• **EXERCISE DETAILS**: Your task is to restate the listing word for word without the pictures.

• **GIVEN MATERIAL**:
↓↓↓
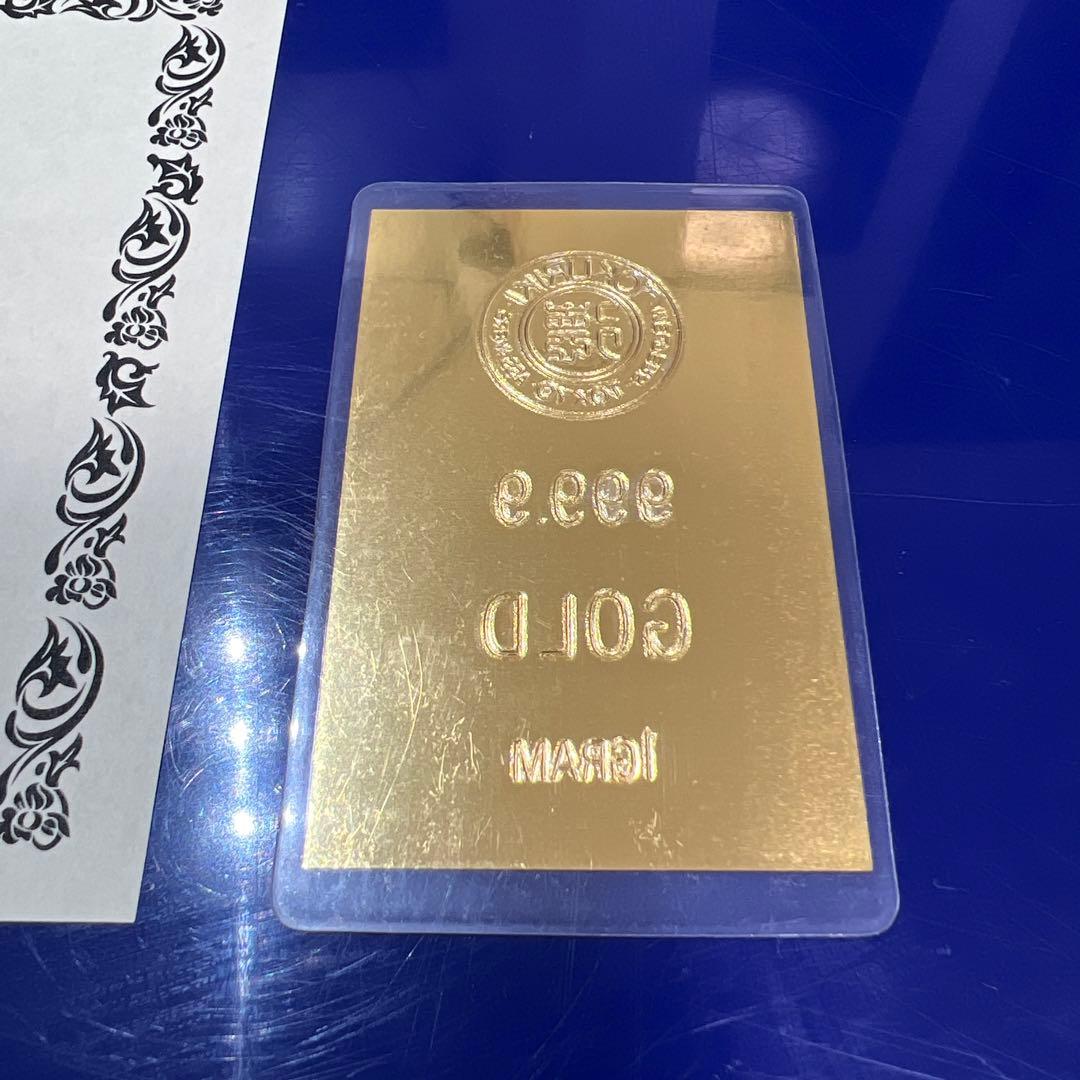 徳力・純金1g・ラミネート・保証書付き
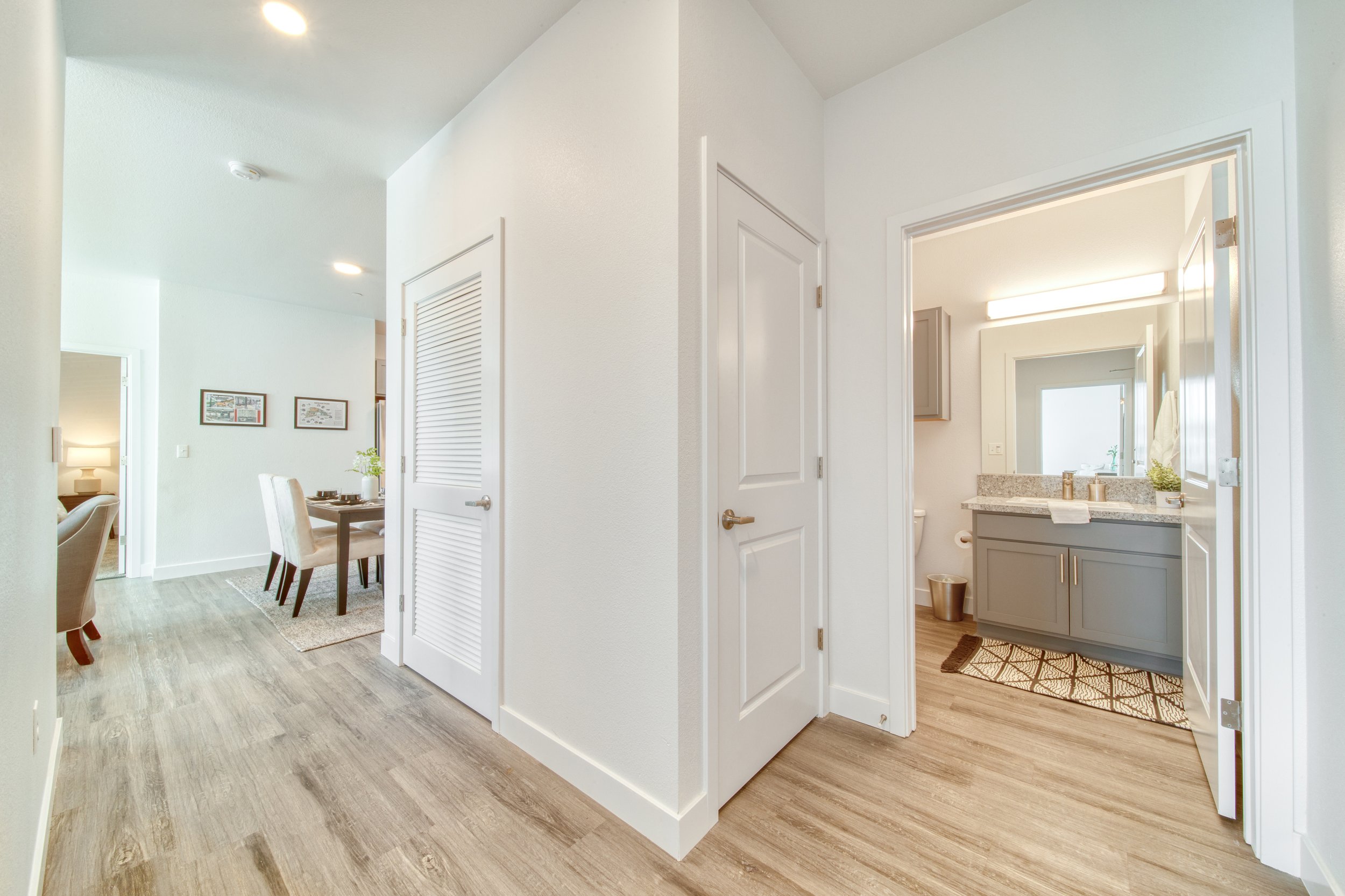 Interior view of a modern apartment with a hallway leading to a bathroom with gray cabinets and granite countertop, a mirrored mirror, and a window. A dining area with a white chair and a table is visible in the background.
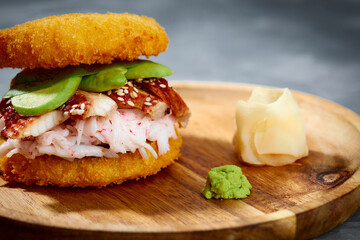 Pan-Asian cuisine concept. Japanese sushi burger made from rice bread, crab meat, avokado and wasabi sauce. Serving on wooden board. copy space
↑↑↑
• **OUTPUT FOR THIS EXERCISE**:
 徳力・純金1g・ラミネート・保証書付き
 Interior view of a modern apartment with a hallway leading to a bathroom with gray cabinets and granite countertop, a mirrored mirror, and a window. A dining area with a white chair and a table is visible in the background.
 Pan-Asian cuisine concept. Japanese sushi burger made from rice bread, crab meat, avokado and wasabi sauce. Serving on wooden board. copy space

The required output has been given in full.